# Join the Puppy Photo Thread - Eye Candy!



## cishepard (Apr 8, 2018)

*Memo to all new puppy owners:
Please post photos of your pups here. Lot's of them and often!*

People new to the forum and old timers with new puppies, or even puppy shots of your older dogs, we just _love_ photos, and having them all in one thread, well ...cuteness overload!

My desire is to see this thread take off and be bumped up everytime some one has a new shot of their pup to show off.

I'll start with some great shots my sister (professional photographer) took of Bingo when he was 4 months old, just to get things rolling ... feel free to join in!


----------



## Cbelknap (Sep 17, 2014)

Max and Molly ....


----------



## krandall (Jun 11, 2009)

OK! We'll play!

Kodi on the night he came home, and my all-time favorite puppy photo of him, at about 3 1/2 months old.


----------



## krandall (Jun 11, 2009)

Pixel being as cute as she could be... HER "coming home" day, and the world's biggest puppy yawn.


----------



## krandall (Jun 11, 2009)

And... Miss Panda (who doesn't have many "only dog" puppy pictures) The first one is the day she came home, being introduced to the "big dogs". (weren't they cute the way they were both trying to make her feel comfortable?) Second one is the next day, napping with "big" sister, Pixel, and the third is actually a week or two before we brought her home... the day we did her puppy "soaps" at the breeder's house.


----------



## Lucindagh (Sep 20, 2018)

Here is one of Molly a few days ago after her first time at the groomers for a complete grooming (she had a mini-groom for just her face about 4 weeks prior).


----------



## cishepard (Apr 8, 2018)

So many little adorable plush toys!


----------



## Molly120213 (Jan 22, 2014)

Here is little Molly with her “twin”!


----------



## krandall (Jun 11, 2009)

Molly120213 said:


> Here is little Molly with her "twin"!


Adorable!!!


----------



## cishepard (Apr 8, 2018)

Molly120213 said:


> Here is little Molly with her "twin"!


This Molly and Panda are twins!


----------



## Sam I Am (Aug 26, 2018)

Camree, These shots are perfection, looks like calendar material to me! Max & Molly, beautiful pups!


----------



## krandall (Jun 11, 2009)

cishepard said:


> This Molly and Panda are twins!


They do look a lot alike. But Panda had a very "slow coat", so she wasn't NEARLY as fluffy as Molly at the age of Molly's Puppy photo. Pnad looked a little like a drowned rat at that stage! LOL!
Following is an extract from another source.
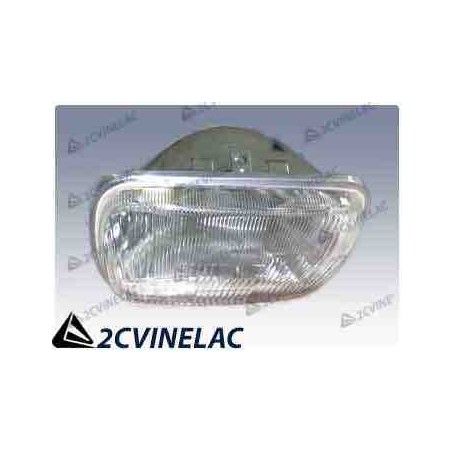 REF 4080. OPTICA RECTANGULAR 2CV.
Sophie's Nino and Panda were peas in a pod as puppies too.


----------



## Marni (Apr 1, 2017)

Zoey as puppy.


----------



## Frank (May 18, 2010)

*Lani*

This is Lani when she was 6 weeks. We will be picking her up 2 days before Thanksgiving. She will be our second Havanese.


----------



## krandall (Jun 11, 2009)

Frank said:


> This is Lani when she was 6 weeks. We will be picking her up 2 days before Thanksgiving. She will be our second Havanese.


Adorable! Congratulations!!!


----------



## Sam I Am (Aug 26, 2018)

Jesse teaches Abby the art of waiting & watching for Dad to return from his walk. Jesse is about 30 pounds now, having gained a bit from all the new treat shares with Abby. I think it is one of the reasons she has decided that Abby can share her world, heh.


----------



## Jackie from Concrete WA (Mar 23, 2015)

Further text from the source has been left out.